> _DIRECTIONS FOR THIS TASK_: Reproduce the data below exactly. Skip the pictures.

> _PROVIDED DATA_:
......
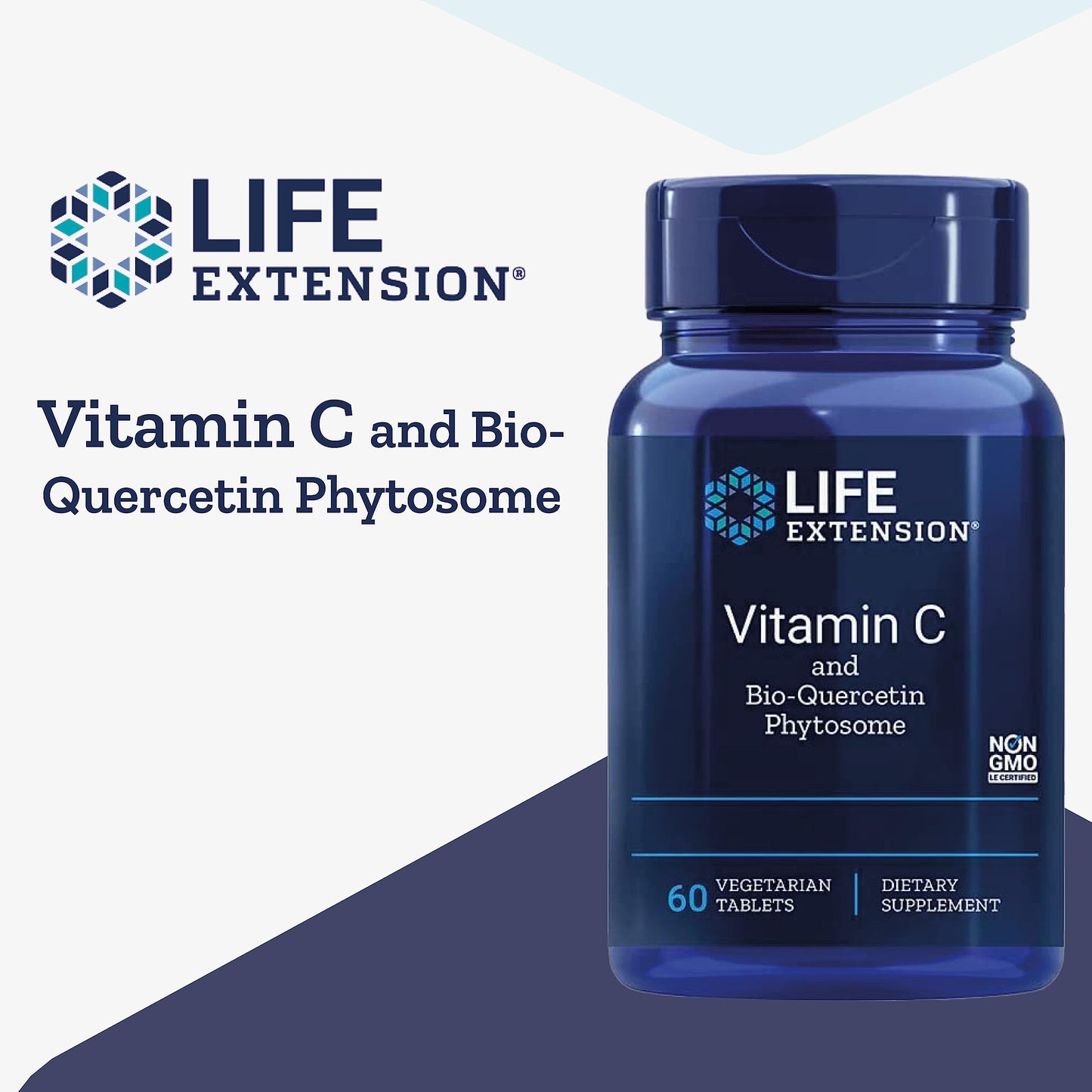 Vitamin C and Bio-Quercetin Phytosome - Immune Support, 60 Capsules, Life Extension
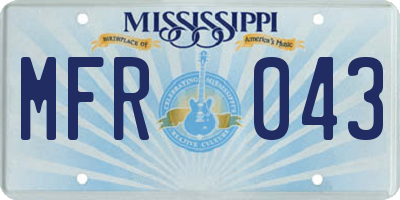 MS license plate MFR043
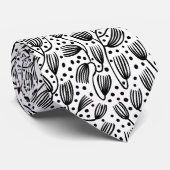 Cravate Motif de style écorce - Noir sur blanc (Roulé)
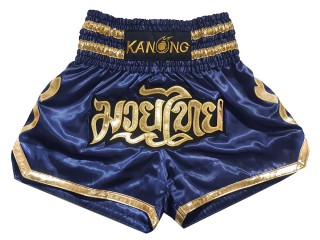 Kanong Muay Thaiboksing Shorts Kickboksing : KNS-121-Marineblå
......
> _EXERCISE ANSWER_:
 Vitamin C and Bio-Quercetin Phytosome - Immune Support, 60 Capsules, Life Extension
 MS license plate MFR043
 Cravate Motif de style écorce - Noir sur blanc (Roulé)
 Kanong Muay Thaiboksing Shorts Kickboksing : KNS-121-Marineblå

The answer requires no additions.